Taking the line with "Black Suede V‑Cut Ankle Booties" as the first and the last line of the listing as the final one, please copy exactly those lines and no others, without pictures.
(Beginning of Raw data)
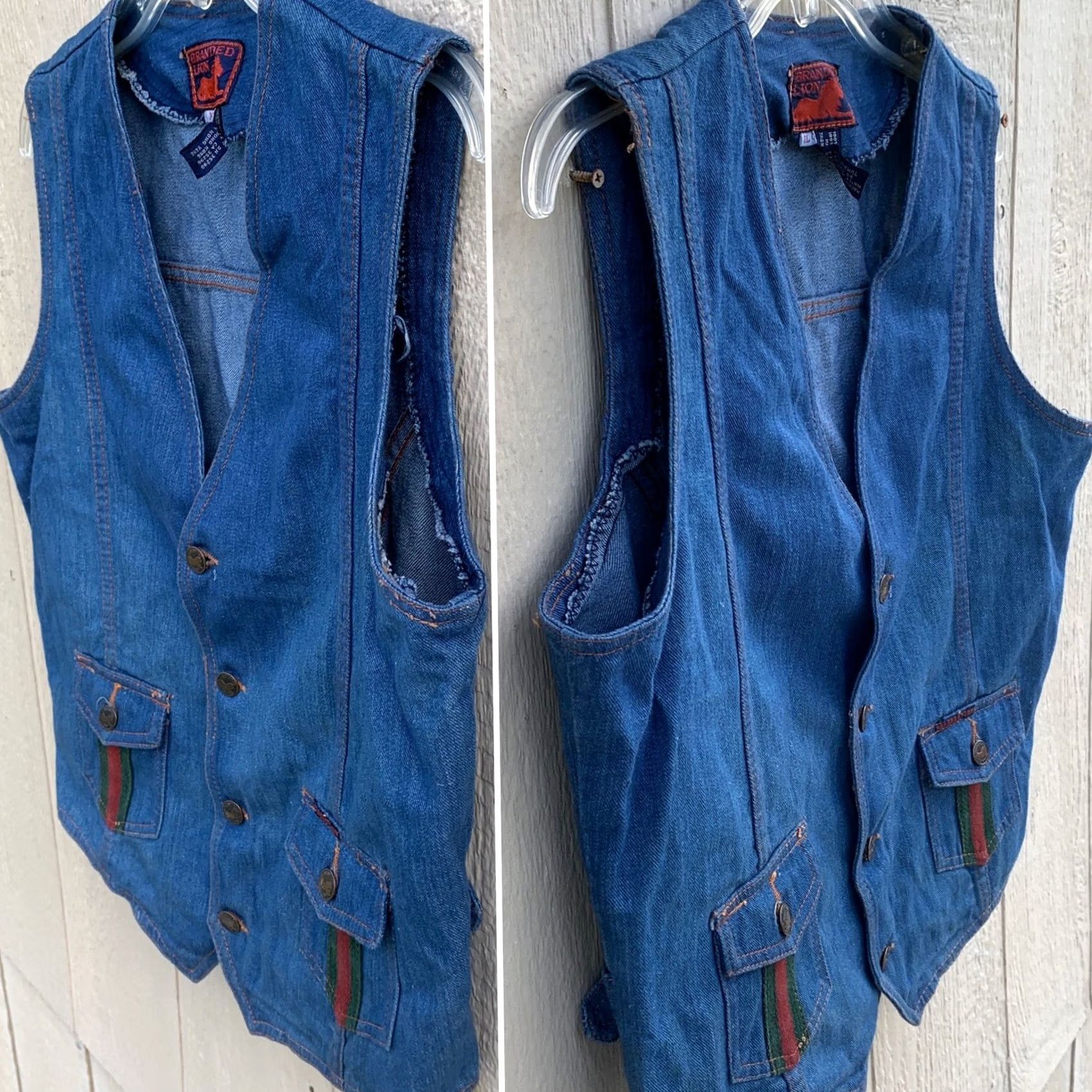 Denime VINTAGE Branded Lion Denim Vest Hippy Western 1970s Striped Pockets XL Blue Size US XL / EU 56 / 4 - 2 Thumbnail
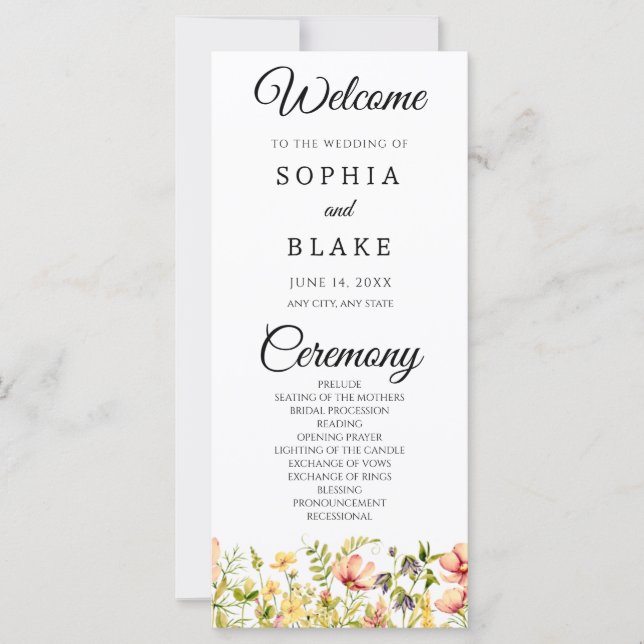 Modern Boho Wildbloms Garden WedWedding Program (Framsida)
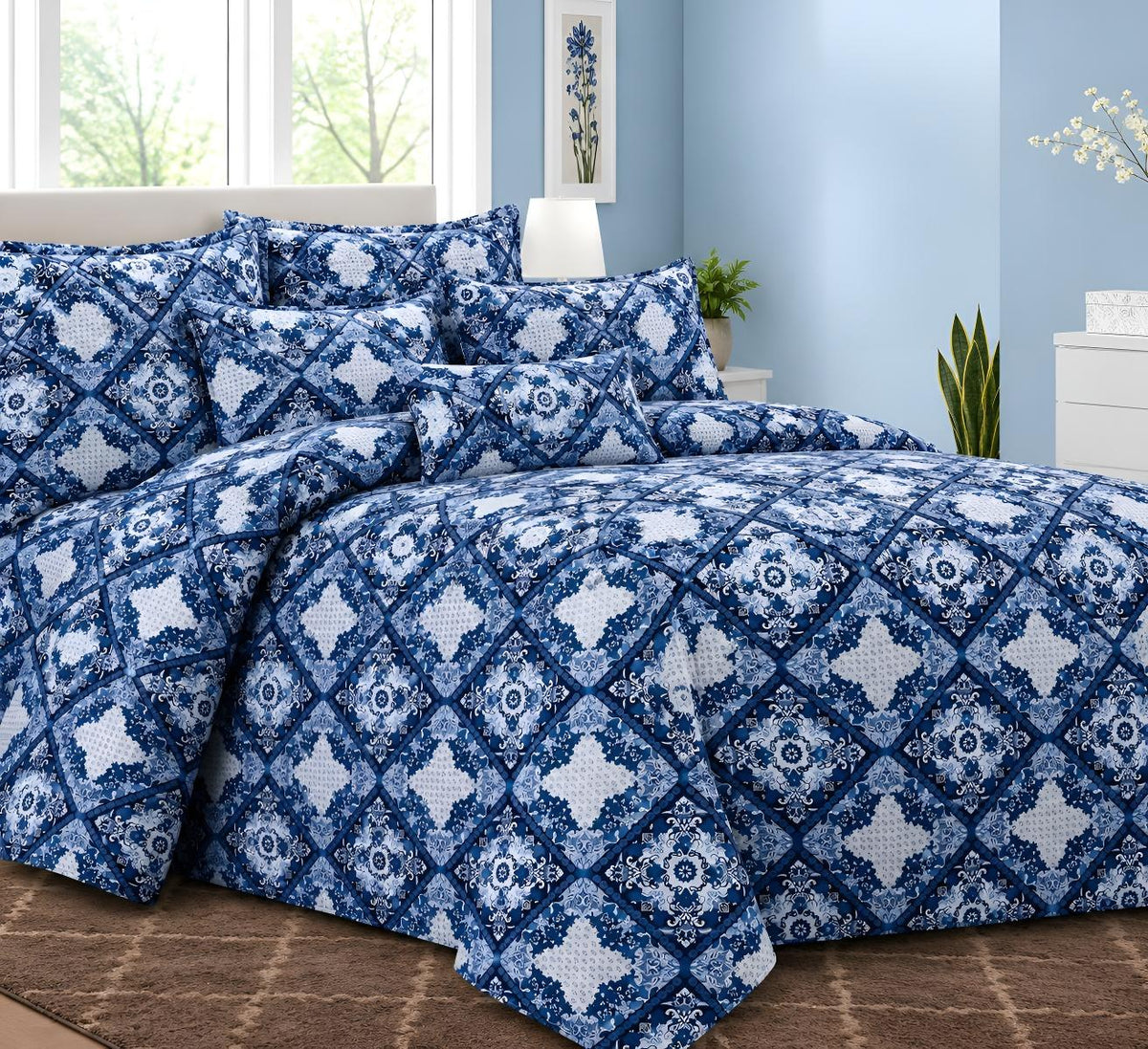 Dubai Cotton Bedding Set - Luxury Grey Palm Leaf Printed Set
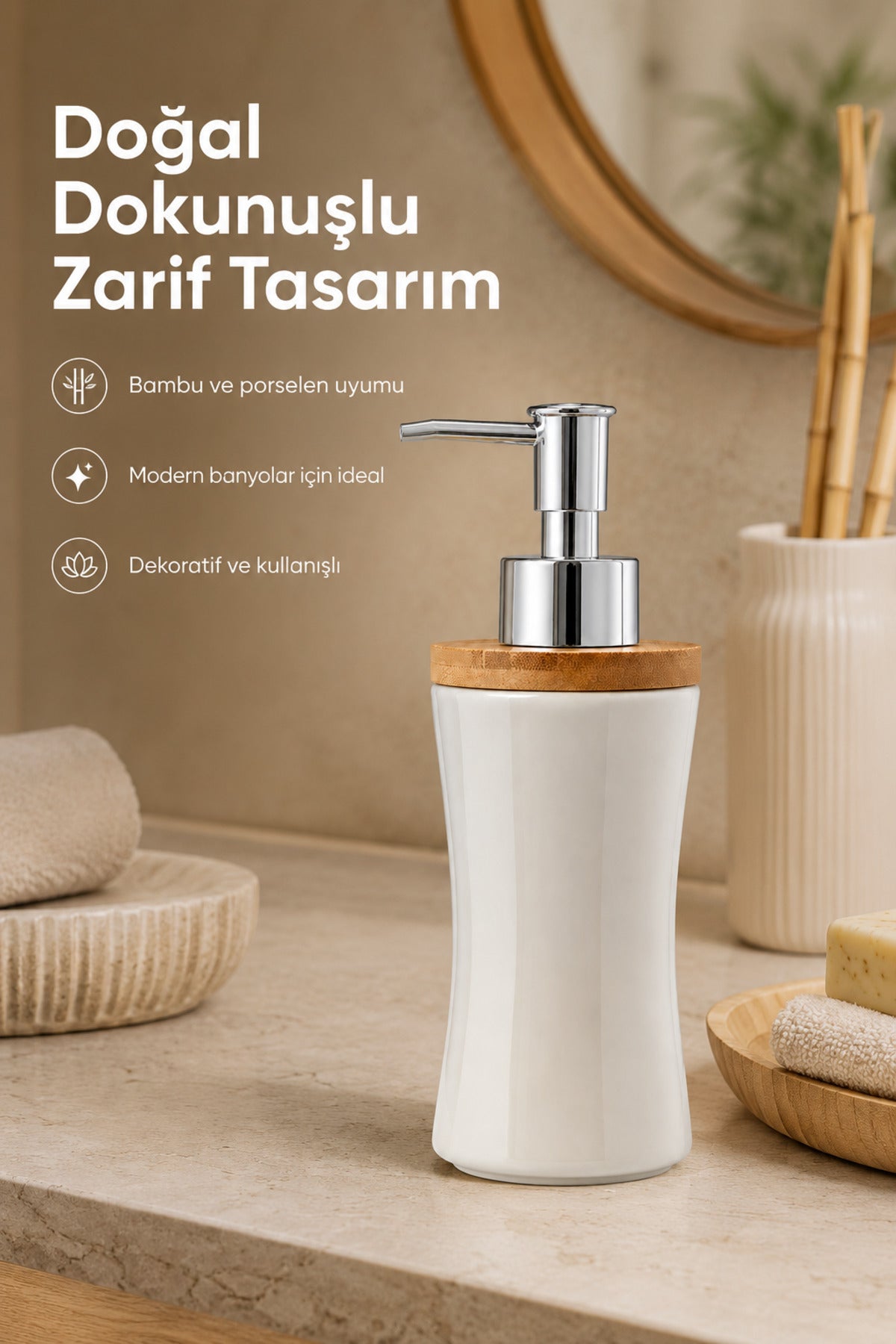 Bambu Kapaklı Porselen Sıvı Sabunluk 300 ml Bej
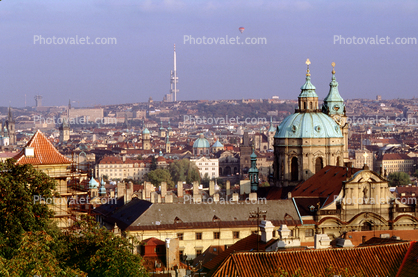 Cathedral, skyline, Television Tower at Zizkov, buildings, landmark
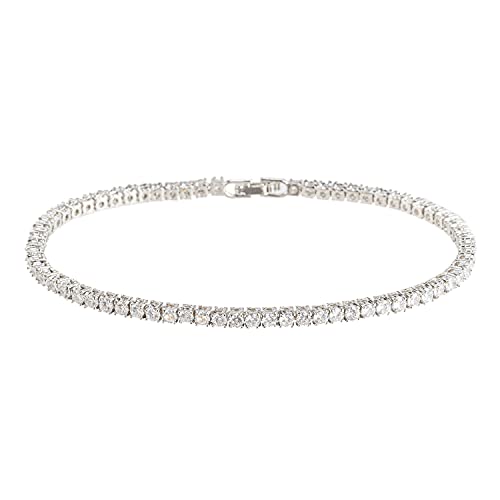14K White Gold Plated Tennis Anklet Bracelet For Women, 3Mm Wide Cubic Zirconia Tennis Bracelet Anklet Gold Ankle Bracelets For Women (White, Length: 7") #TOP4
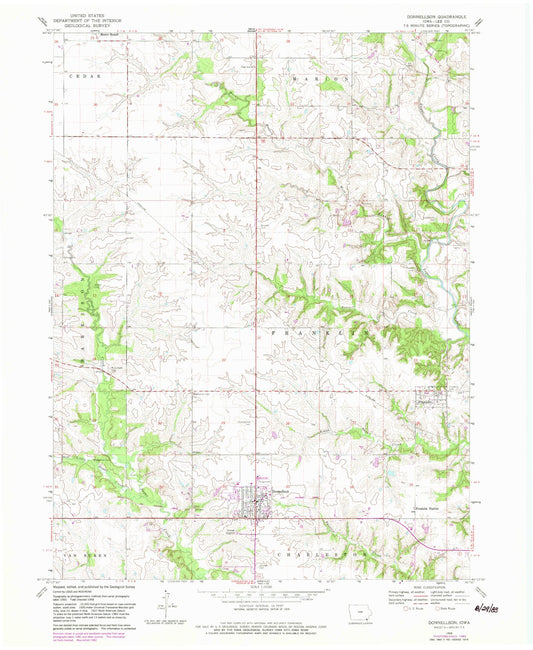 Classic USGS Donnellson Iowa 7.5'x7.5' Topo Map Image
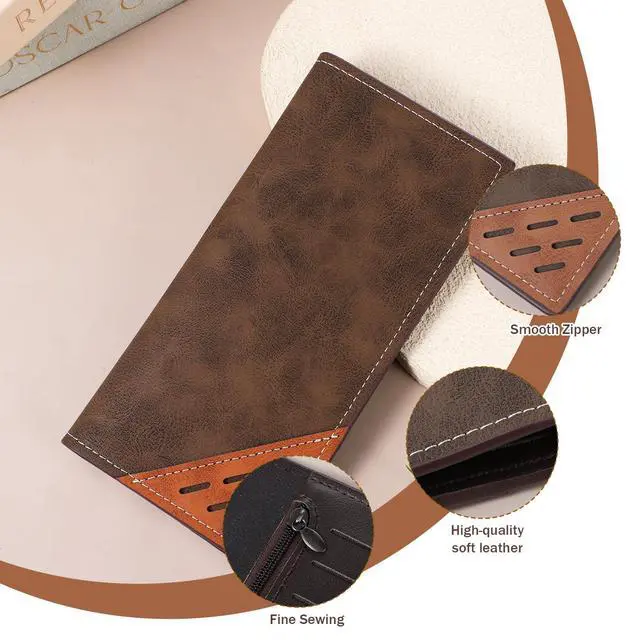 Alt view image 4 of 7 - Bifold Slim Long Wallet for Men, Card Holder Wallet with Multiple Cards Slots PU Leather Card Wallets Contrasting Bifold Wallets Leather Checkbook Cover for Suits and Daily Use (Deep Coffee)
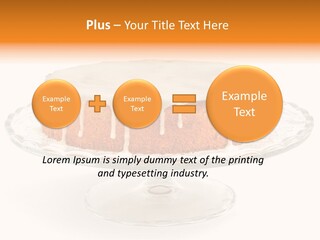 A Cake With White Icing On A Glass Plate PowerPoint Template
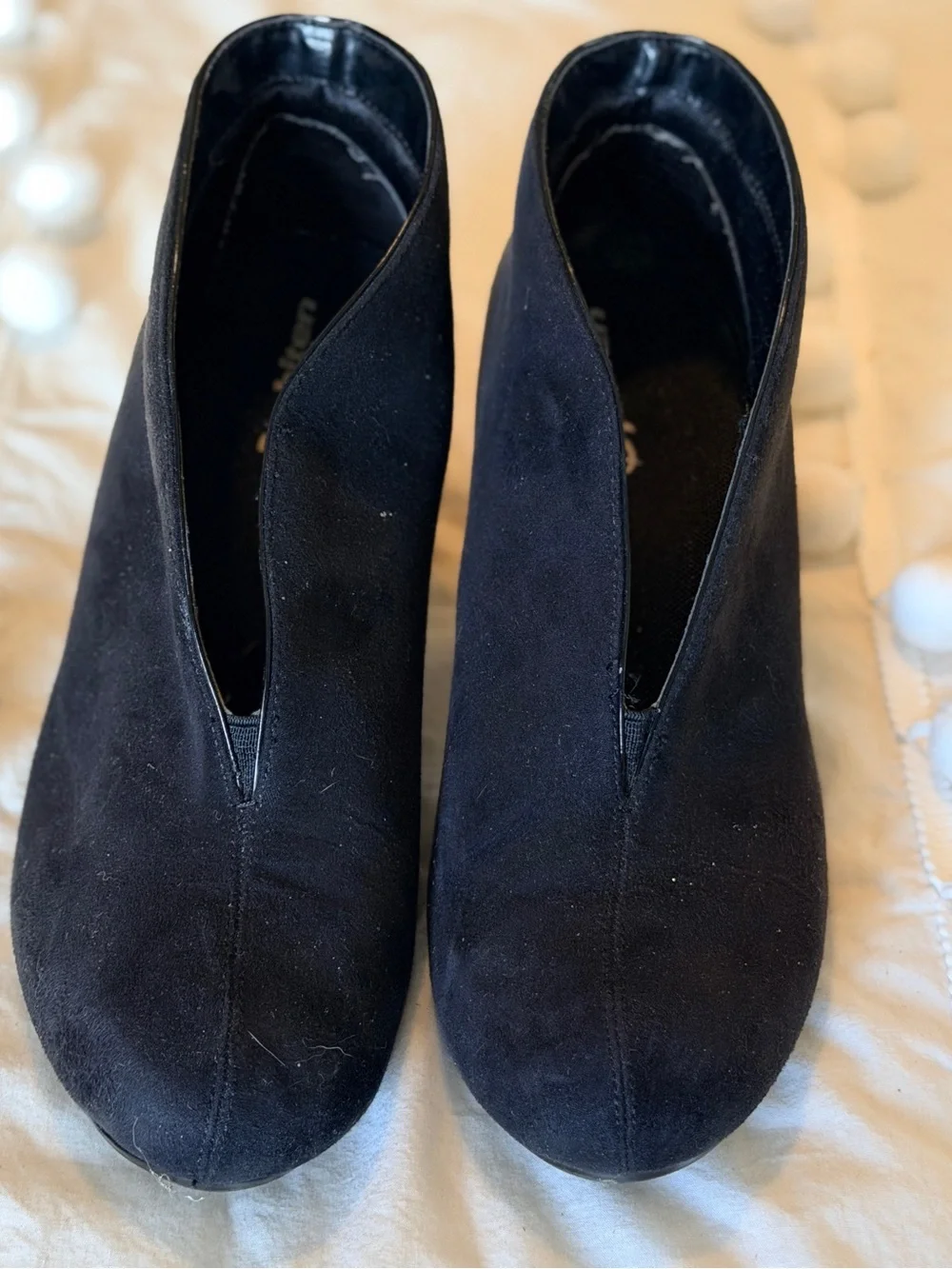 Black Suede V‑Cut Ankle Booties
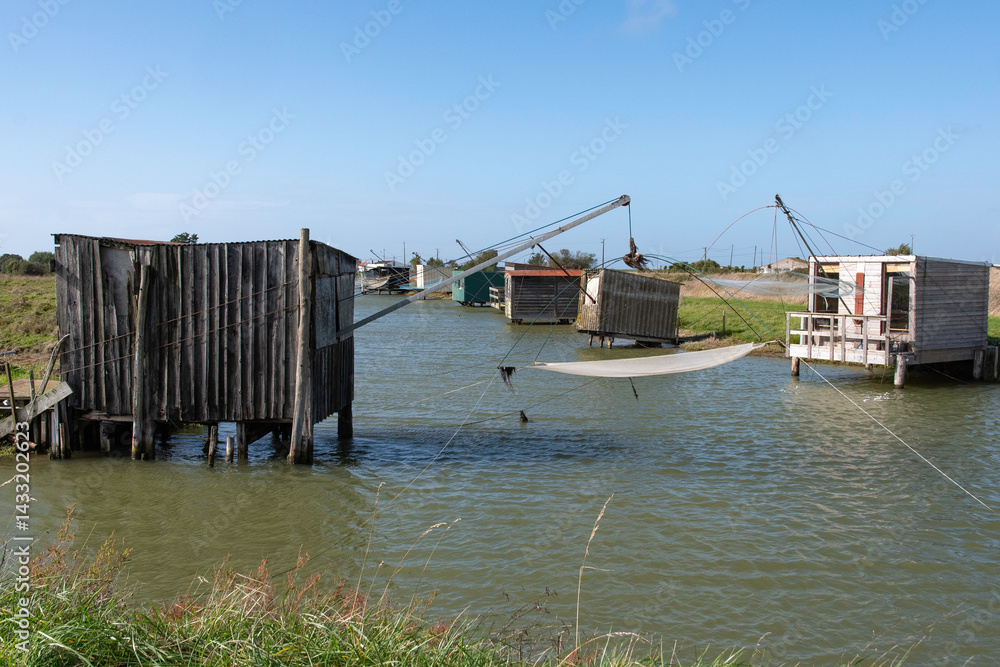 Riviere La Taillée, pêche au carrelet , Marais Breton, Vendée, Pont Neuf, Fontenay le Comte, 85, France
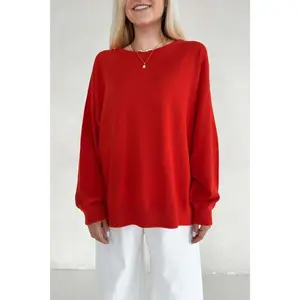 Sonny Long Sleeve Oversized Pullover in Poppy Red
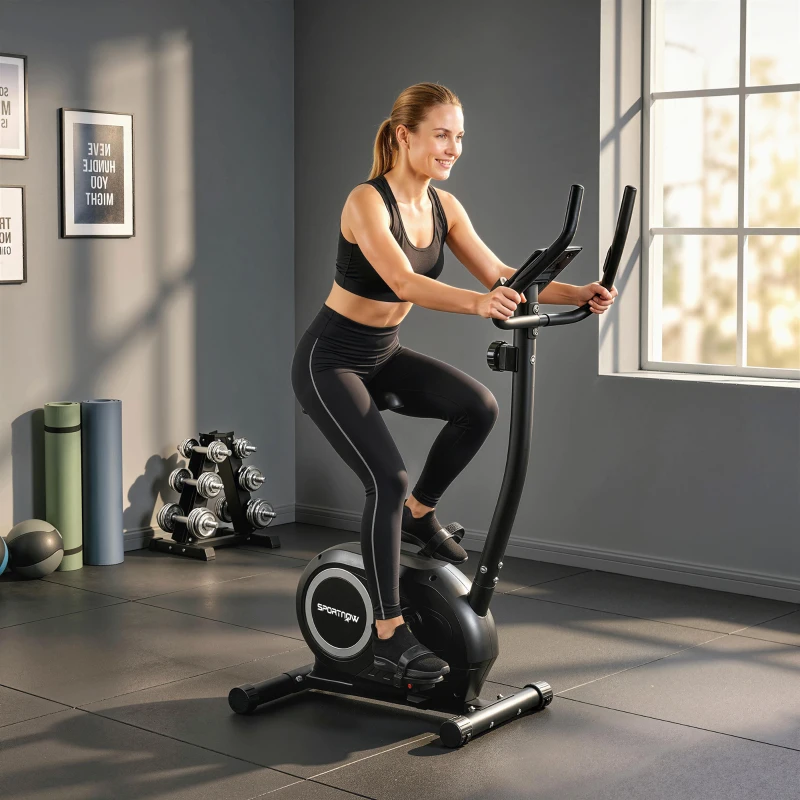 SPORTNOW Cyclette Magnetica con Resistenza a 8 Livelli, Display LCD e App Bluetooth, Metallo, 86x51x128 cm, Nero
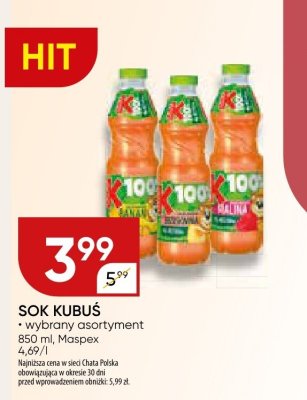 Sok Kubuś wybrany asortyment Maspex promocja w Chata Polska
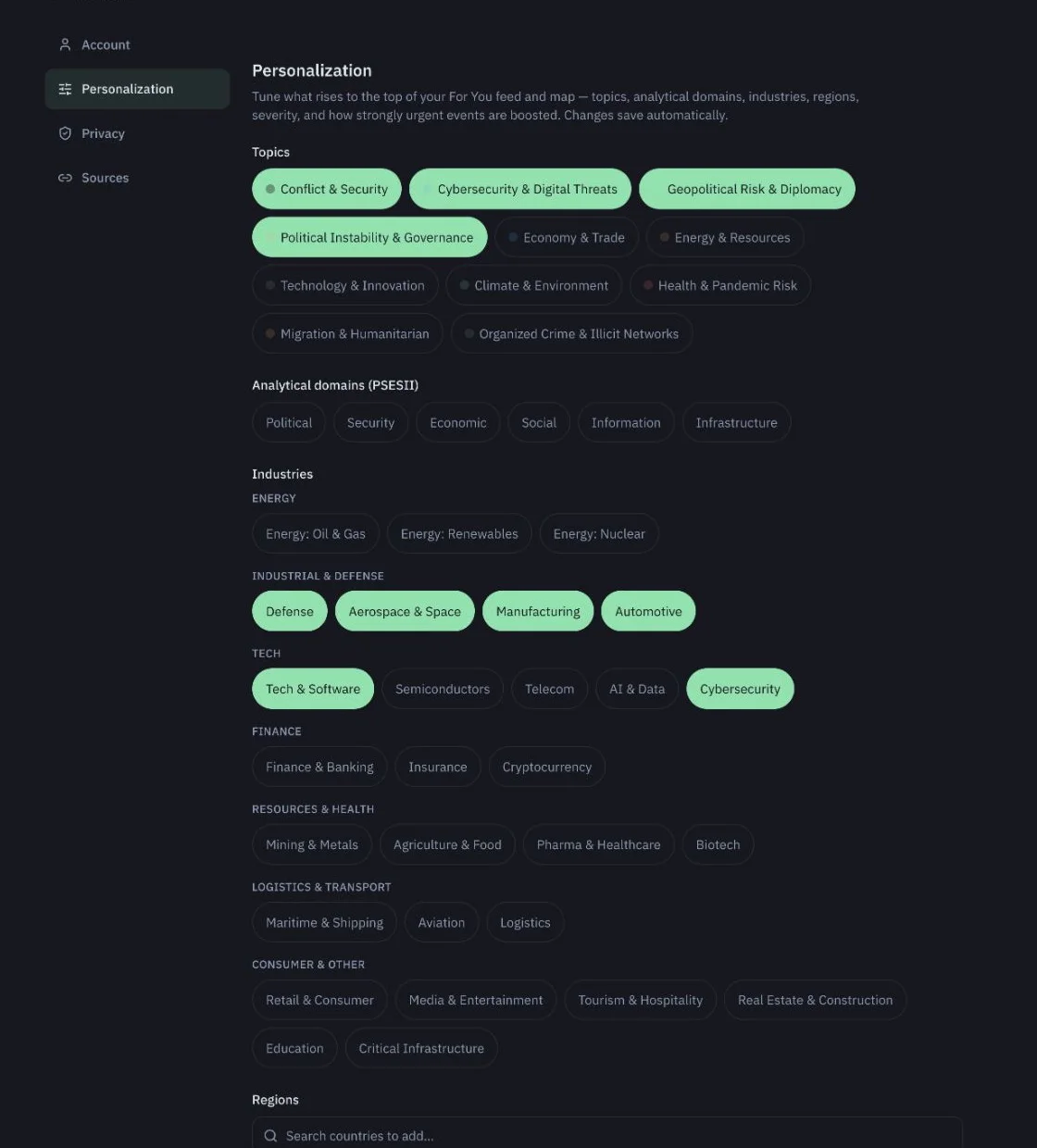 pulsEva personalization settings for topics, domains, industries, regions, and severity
(End of Raw data)
Task solution:
 Black Suede V‑Cut Ankle Booties
 Riviere La Taillée, pêche au carrelet , Marais Breton, Vendée, Pont Neuf, Fontenay le Comte, 85, France
 Sonny Long Sleeve Oversized Pullover in Poppy Red
 SPORTNOW Cyclette Magnetica con Resistenza a 8 Livelli, Display LCD e App Bluetooth, Metallo, 86x51x128 cm, Nero
 Sok Kubuś wybrany asortyment Maspex promocja w Chata Polska
 pulsEva personalization settings for topics, domains, industries, regions, and severity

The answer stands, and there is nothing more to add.